Run_summarization.py t5 model output inconsistent results

I am working on T5 finetune model , and I found the t5-small-finetuned-samsum-en model on huggingface and the rouge metric on samsum Benchmark (Summarization) | Papers With Code
It shows: (I have delete other models except t5-small-finetuned-samsum-en)

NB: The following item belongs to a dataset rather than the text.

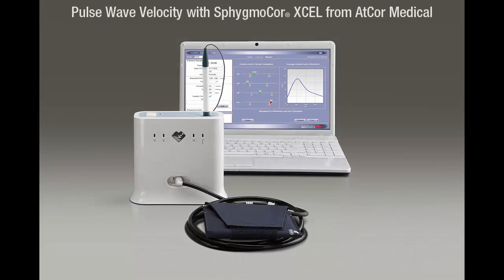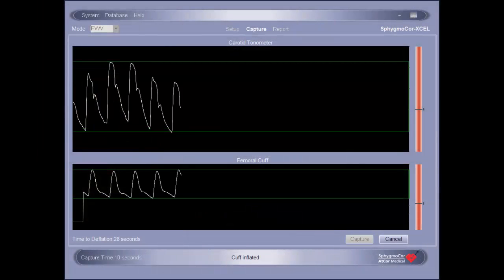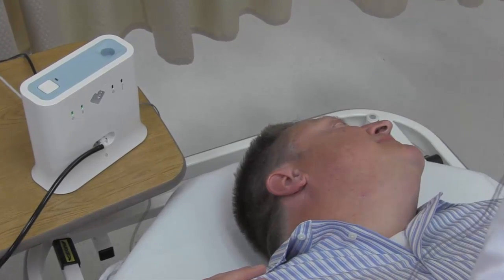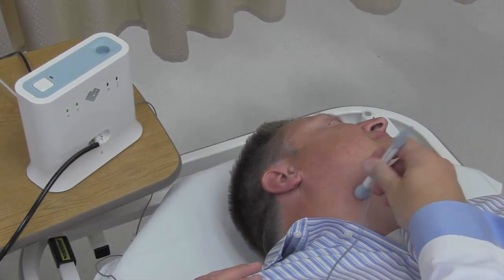Welcome to the SphigmaCore XL Pulse Wave Velocity tutorial. This video will familiarize you with the operation of the SphigmaCore XL system and how to properly conduct a pulse wave velocity assessment. This tutorial does not cover system setup. If assistance with system setup is needed, please consult your operator's manual.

Rank Model ROUGE-1 ROUGE-2 ROUGE-L ROUGE-LSUM gen_len loss Details Year Tags
12 t5-small-finetuned-samsum-en 40.039 15.85 31.808 36.089 18.107 2.192 2022

But when I use transformers examples code run_summarization.py run the model I have download from huggingface [t5-small-finetuned-samsum-en] , The result is not consistent with above.
My result is: my ROUGE-1 is 3.34 but the result above is 40.039, It is very different. Here is my result: (The value should *100)
***** eval metrics *****
eval_gen_len = 12.2066
eval_loss = 7.7219
eval_rouge1_high_fmeasure = 0.0383
eval_rouge1_high_precision = 0.2029
eval_rouge1_high_recall = 0.0225
eval_rouge1_low_fmeasure = 0.0334
eval_rouge1_low_precision = 0.1792
eval_rouge1_low_recall = 0.0194
eval_rouge1_mid_fmeasure = 0.0358
eval_rouge1_mid_precision = 0.1909
eval_rouge1_mid_recall = 0.0209
eval_rouge2_high_fmeasure = 0.0021
eval_rouge2_high_precision = 0.0114
eval_rouge2_high_recall = 0.0012
eval_rouge2_low_fmeasure = 0.0011
eval_rouge2_low_precision = 0.006
eval_rouge2_low_recall = 0.0006
eval_rouge2_mid_fmeasure = 0.0016
eval_rouge2_mid_precision = 0.0086
eval_rouge2_mid_recall = 0.0009
eval_rougeL_high_fmeasure = 0.0334
eval_rougeL_high_precision = 0.1803
eval_rougeL_high_recall = 0.0197
eval_rougeL_low_fmeasure = 0.0293
eval_rougeL_low_precision = 0.1587
eval_rougeL_low_recall = 0.0171
eval_rougeL_mid_fmeasure = 0.0314
eval_rougeL_mid_precision = 0.1688
eval_rougeL_mid_recall = 0.0184
eval_rougeLsum_high_fmeasure = 0.0362
eval_rougeLsum_high_precision = 0.1951
eval_rougeLsum_high_recall = 0.0213
eval_rougeLsum_low_fmeasure = 0.0317
eval_rougeLsum_low_precision = 0.1708
eval_rougeLsum_low_recall = 0.0184
eval_rougeLsum_mid_fmeasure = 0.034
eval_rougeLsum_mid_precision = 0.1832
eval_rougeLsum_mid_recall = 0.0199
eval_runtime = 0:00:54.57
eval_samples = 818
eval_samples_per_second = 14.988
eval_steps_per_second = 14.988
And I have not change the run_summarization.py script ,
My shell script is:
python ./run_summarization_.py
–model_name_or_path $T5_DIR
–do_eval
–source_prefix "summarize: "
–output_dir ./output/huggingface-summarization
–dataset_name $samsum_path
–dataset_config “3.0.0”
–per_device_train_batch_size=1
–per_device_eval_batch_size=1
–overwrite_output_dir
–predict_with_generate \

Can anyone help me on this issue? Thanks a lot.